Problem to work on:
When you reach the line that contains "Let op: wij", begin copying exactly, and continue through the last line of the data; no pictures belong in the copy.

** Opening Information provided block **

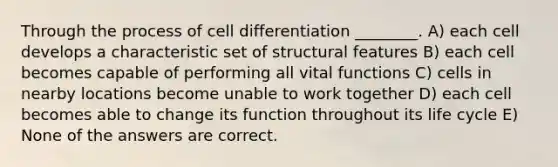 Through the process of cell differentiation ________. A) each cell develops a characteristic set of structural features B) each cell becomes capable of performing all vital functions C) cells in nearby locations become unable to work together D) each cell becomes able to change its function throughout its life cycle E) None of the answers are correct.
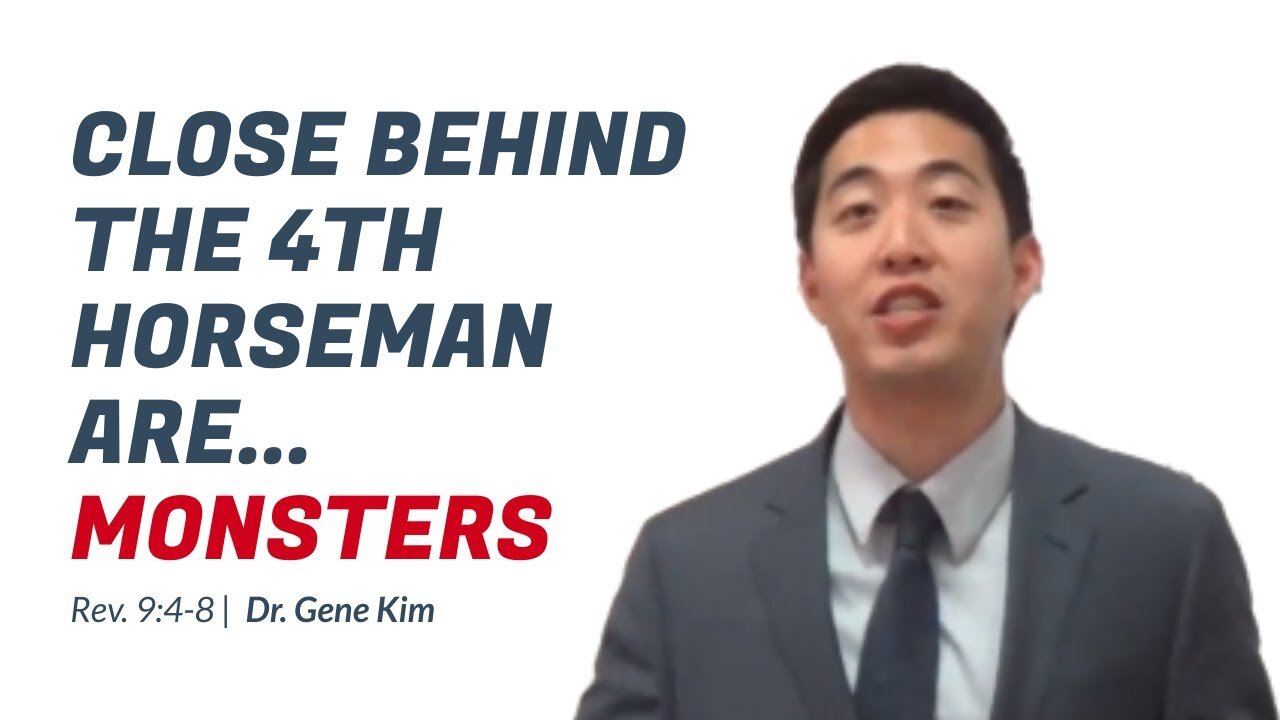 #57 CLOSE BEHIND the 4th Horseman Are...MONSTERS (Rev. 94-8) Dr. Gene Kim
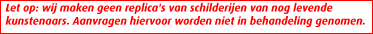 Let op: wij maken geen replica's van schilderijen van nog levende kunstenaars. Aanvragen hiervoor worden niet in behandeling genomen.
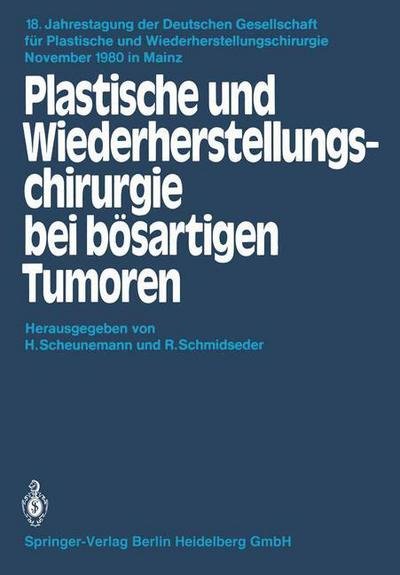 Cover for H Scheunemann · Plastische Und Wiederherstellungschirurgie Bei Boesartigen Tumoren - Jahrestagung Der Deutschen Gesellschaft Fur Plastische Und W (Paperback Book) [1982 edition] (1982)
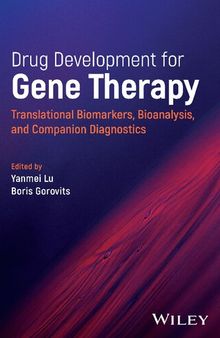 Drug Development for Gene Therapy. Translational Biomarkers, Bioanalysis, and Companion Diagnostics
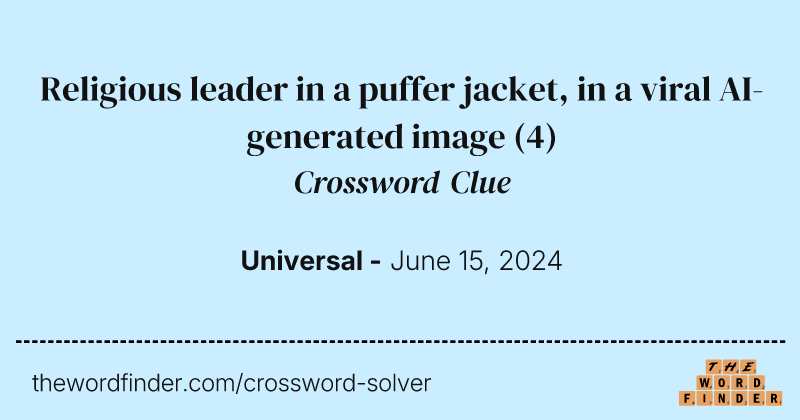 Religious leader in a puffer jacket, in a viral AI-generated image crossword clue image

** Closing Information provided block **

Completed task:
 Let op: wij maken geen replica's van schilderijen van nog levende kunstenaars. Aanvragen hiervoor worden niet in behandeling genomen.
 Cover for H Scheunemann · Plastische Und Wiederherstellungschirurgie Bei Boesartigen Tumoren - Jahrestagung Der Deutschen Gesellschaft Fur Plastische Und W (Paperback Book) [1982 edition] (1982)
 Drug Development for Gene Therapy. Translational Biomarkers, Bioanalysis, and Companion Diagnostics
 Religious leader in a puffer jacket, in a viral AI-generated image crossword clue image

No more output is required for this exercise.